Task requirements:
What is needed is an exact copy of the lines from the line holding "Éléphant géométrique" through the end of the material, with no other lines and no pictures.

Records for processing:
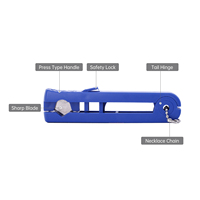 Coupe-tube pneumatique en nylon souple PU de qualité industrielle, série SNS TK-3, verrouillable, avec verrou de sécurité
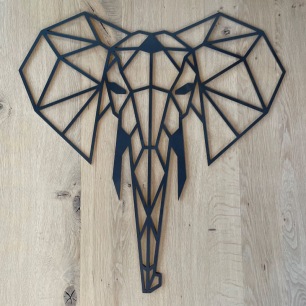 Éléphant géométrique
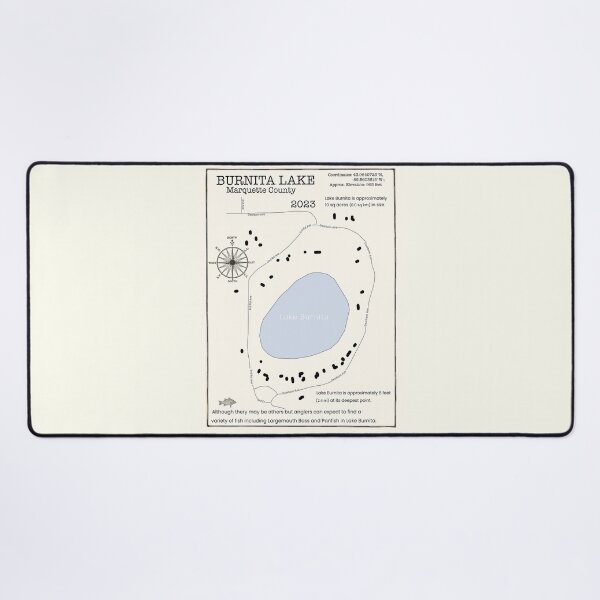 Item preview, Burnita Lake WI Marquette County designed and sold by Jean Plout.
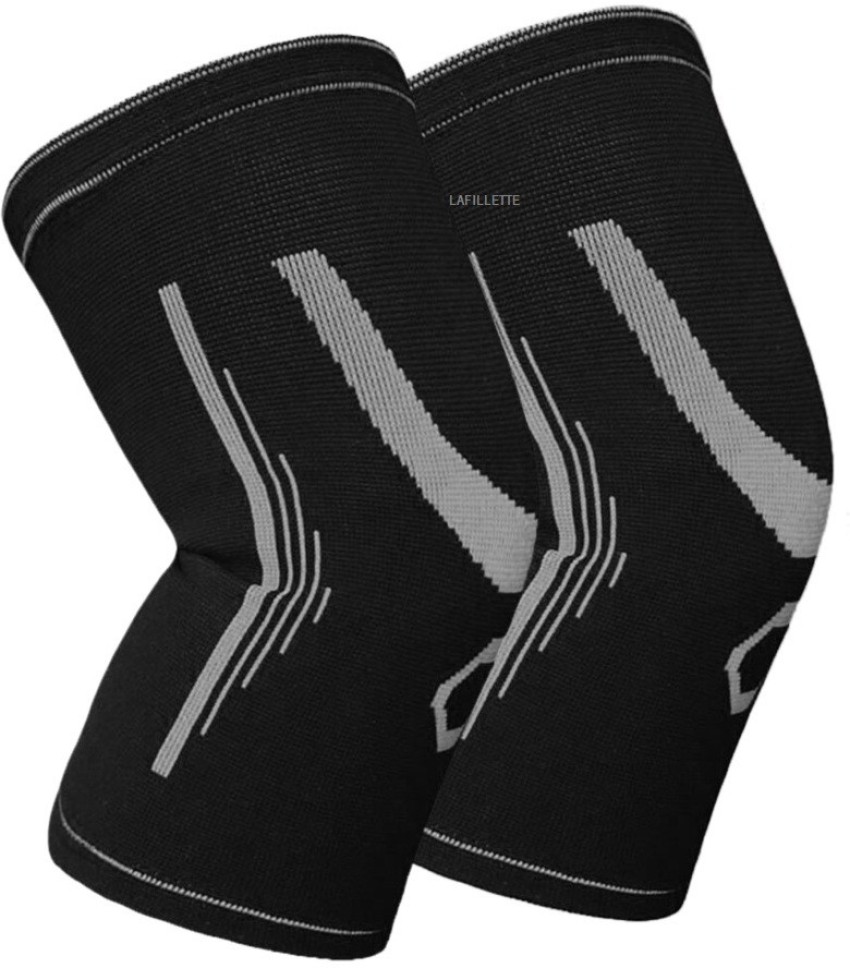 LAFILLETTE 1 Pair Knee Compression Sleeves Knee Brace Support for Knee Pain  Knee Support - Buy LAFILLETTE 1 Pair Knee Compression Sleeves Knee Brace  Support for Knee Pain Knee Support Online at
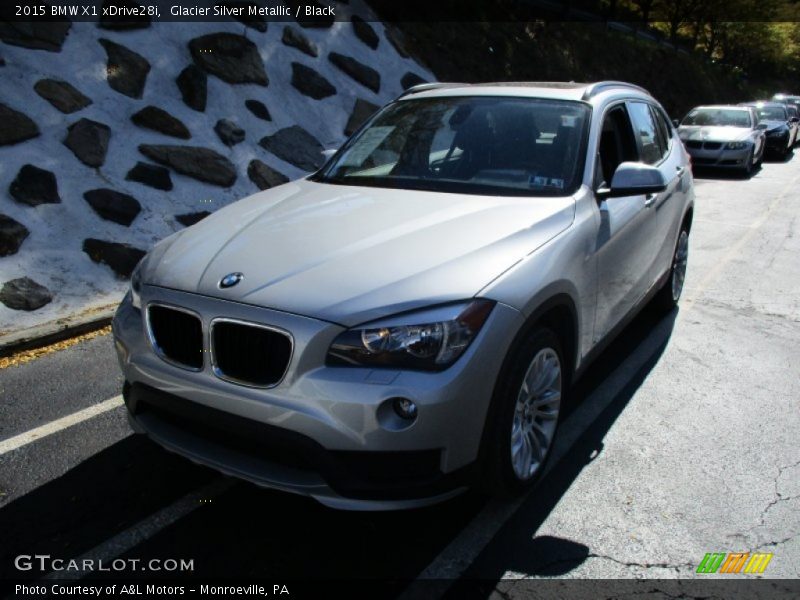 Glacier Silver Metallic / Black 2015 BMW X1 xDrive28i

Response for this exercise:
 Éléphant géométrique
 Item preview, Burnita Lake WI Marquette County designed and sold by Jean Plout.
 LAFILLETTE 1 Pair Knee Compression Sleeves Knee Brace Support for Knee Pain  Knee Support - Buy LAFILLETTE 1 Pair Knee Compression Sleeves Knee Brace  Support for Knee Pain Knee Support Online at
 Glacier Silver Metallic / Black 2015 BMW X1 xDrive28i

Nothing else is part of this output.